Alaeddin Camisinde bulunan iki kitabeden; ?Bu mescid ve temiz türbenin yapılmasını, sultanların galibi, din ve dünyanın azizi, sevgilisi, fetih babası Kılıçarslan oğlu şehit Keyhüsrev oğlu mü´minler beyinin yardımcısı olan Keykavus, mütevellisi ve atabeyi Ayaz´a 616 yılında emretti.? şeklinde günümüze çevrilen kitabeden, cami ve türbe inşaatına 1219 yılında başlandığı anlaşılmakta. Diğer kitabede ise; ?Tanrı adıyla, selam onun elçisi üzerine olsun, bu tanrı evi sultanların en büyüğü Mes´ud oğlu Kılıçarslan oğlu kutlu şehit Keyhüsrev oğlu, din ve dünyanın yücesi, müminler beyinin yardımcısı, Keykubat´ın atabeyi ve caminin mütevellisi tanrının rahmetine muhtaç fakir kul olan Ayaz´ın eliyle 616 senesinde tamamlandı.? yazmakta olup 1220 yılında bitirildiğini öğreniyoruz.
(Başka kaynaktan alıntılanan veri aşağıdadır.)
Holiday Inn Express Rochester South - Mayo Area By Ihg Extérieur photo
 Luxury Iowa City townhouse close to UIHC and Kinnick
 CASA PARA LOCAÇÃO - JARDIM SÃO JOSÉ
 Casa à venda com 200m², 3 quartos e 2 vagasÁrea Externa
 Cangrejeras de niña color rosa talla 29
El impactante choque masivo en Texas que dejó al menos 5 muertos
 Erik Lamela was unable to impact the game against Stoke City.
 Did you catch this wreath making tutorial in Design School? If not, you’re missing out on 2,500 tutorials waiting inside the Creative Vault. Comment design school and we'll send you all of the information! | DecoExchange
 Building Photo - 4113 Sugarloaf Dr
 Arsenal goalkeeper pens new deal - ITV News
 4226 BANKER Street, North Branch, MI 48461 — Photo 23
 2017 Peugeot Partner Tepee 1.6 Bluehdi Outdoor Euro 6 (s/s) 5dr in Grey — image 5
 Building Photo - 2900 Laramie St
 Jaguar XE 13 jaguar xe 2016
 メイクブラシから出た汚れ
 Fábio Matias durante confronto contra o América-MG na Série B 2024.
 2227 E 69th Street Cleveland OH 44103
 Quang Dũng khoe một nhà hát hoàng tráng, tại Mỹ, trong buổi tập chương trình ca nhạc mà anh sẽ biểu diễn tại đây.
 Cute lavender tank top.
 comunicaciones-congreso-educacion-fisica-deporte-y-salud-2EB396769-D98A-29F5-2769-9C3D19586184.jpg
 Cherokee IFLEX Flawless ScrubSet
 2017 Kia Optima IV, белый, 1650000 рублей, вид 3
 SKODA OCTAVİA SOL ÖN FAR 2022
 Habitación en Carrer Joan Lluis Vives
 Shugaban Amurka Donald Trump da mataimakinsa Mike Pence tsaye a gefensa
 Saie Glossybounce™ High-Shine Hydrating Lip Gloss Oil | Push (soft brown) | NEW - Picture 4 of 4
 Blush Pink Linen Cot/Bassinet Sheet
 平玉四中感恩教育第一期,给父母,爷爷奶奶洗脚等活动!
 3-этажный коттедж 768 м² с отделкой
Kitabelerden yola çıkarak şunu diyebilir miyiz, ?I. İzzeddin Keykavus, 1219 yılında Atabey Ayaz´a kendisi için bu kümbeti yaptırtmaya başlamış, ancak inşaat bitmeden öldüğü için yarım bırakılmış ve tahta geçen kardeşi Alaeddin Keykubad´da 1220 yılında sadece mescidi tamamlatmıştır?. Alaeddin Keykubad, 1219 ? 1236 yılları arasında hüküm sürmüştür, kendisi gibi, kendisini izleyen II. Keyhüsrev, IV. Rükneddin Kılıçarslan ve III. Keyhüsrev de Alaeddin Camii avlusundaki 1190 yılında yapılan, 2. Kılıçarslan kümbetinde gömülüdürler.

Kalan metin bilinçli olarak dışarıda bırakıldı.